Many other religions, though, simply have nothing resembling such a distinction. In Buddhism, for example, we don’t find a distinction between this world and another. Rather, we find something more like a distinction between appearance and reality. When confined to the world of appearance (the cycle of Saṃsāra), we seem to exist—these unities that each of us calls ‘myself’. Many things seem really worth our desire and aversion, and the satisfaction of these wants promises joy and happiness. However, in things as they really are, we aren’t anything in particular, but mere skandhas—piles or random scatterings with no well-founded distinction from each other or the world. And, the desires that our delusions of self induce can only lead to suffering.

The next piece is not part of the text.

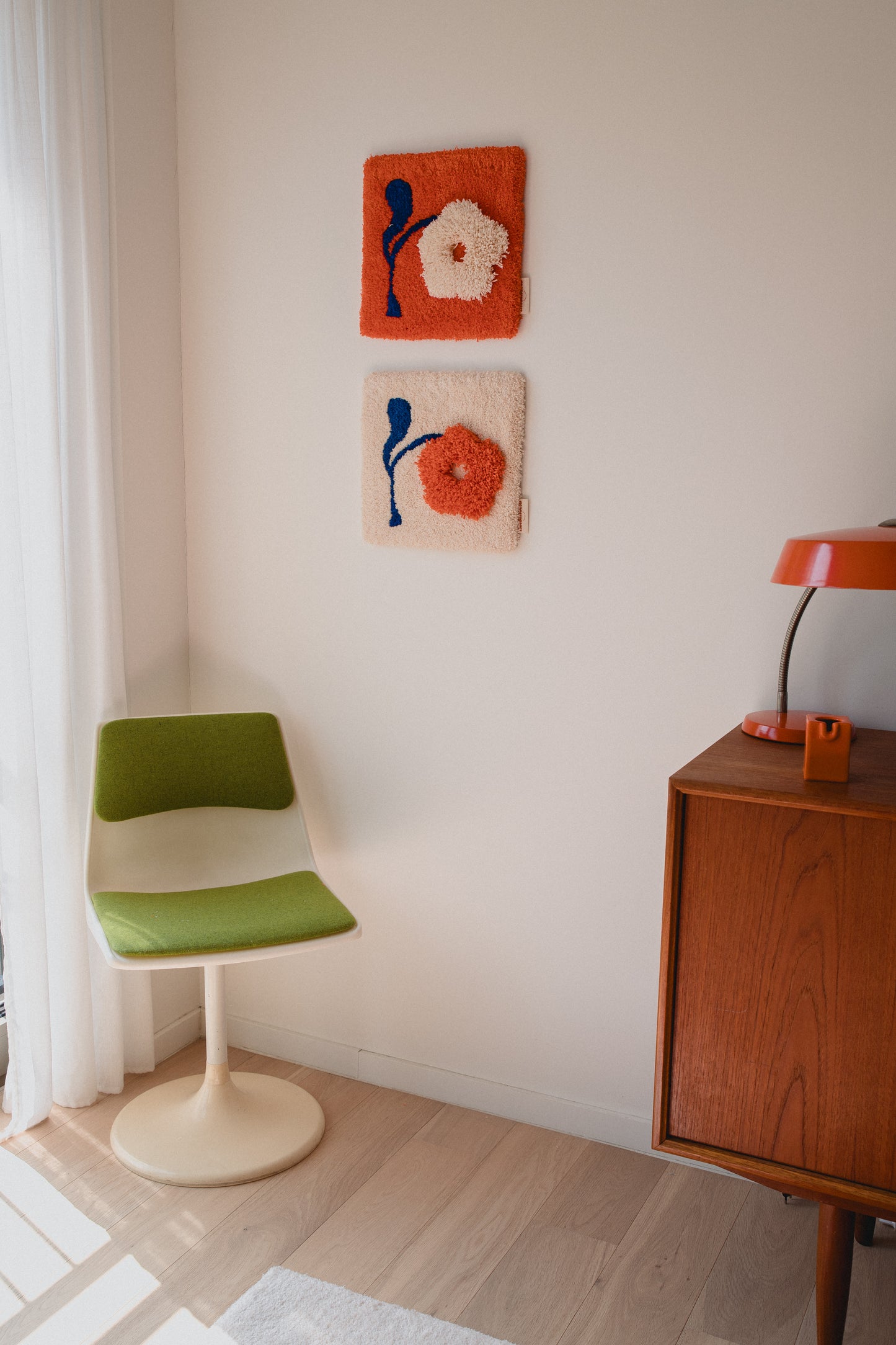 La petite fleur orange - Tapis mural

The sense in which Buddhism is committed to a notion of the supernatural is that it posits an escape route from the world as we find it—from the conditions in which suffering is inevitable, and into those in which we’ll free from it once and for all. And this is what it has in common with Christianity. The supernatural is constituted by those conditions, distinct from those of the world as we find it, taken as necessary for some vision of escape from ‘this’. Such escape can take the form (as in Christianity) of the soul’s reunion with the divine in another, heavenly realm. It can (as in Buddhism) take the form of the lived realization of the real character of this realm. It can even take the form, not of such permanent escapes, but rather of temporary and limited reprieves—e.g. favors gained from the gods through obedience or the offering of gifts. Whatever form it takes, though, the longing for escape is essential to it. The supernatural is simply the cosmological correlate of soteriology.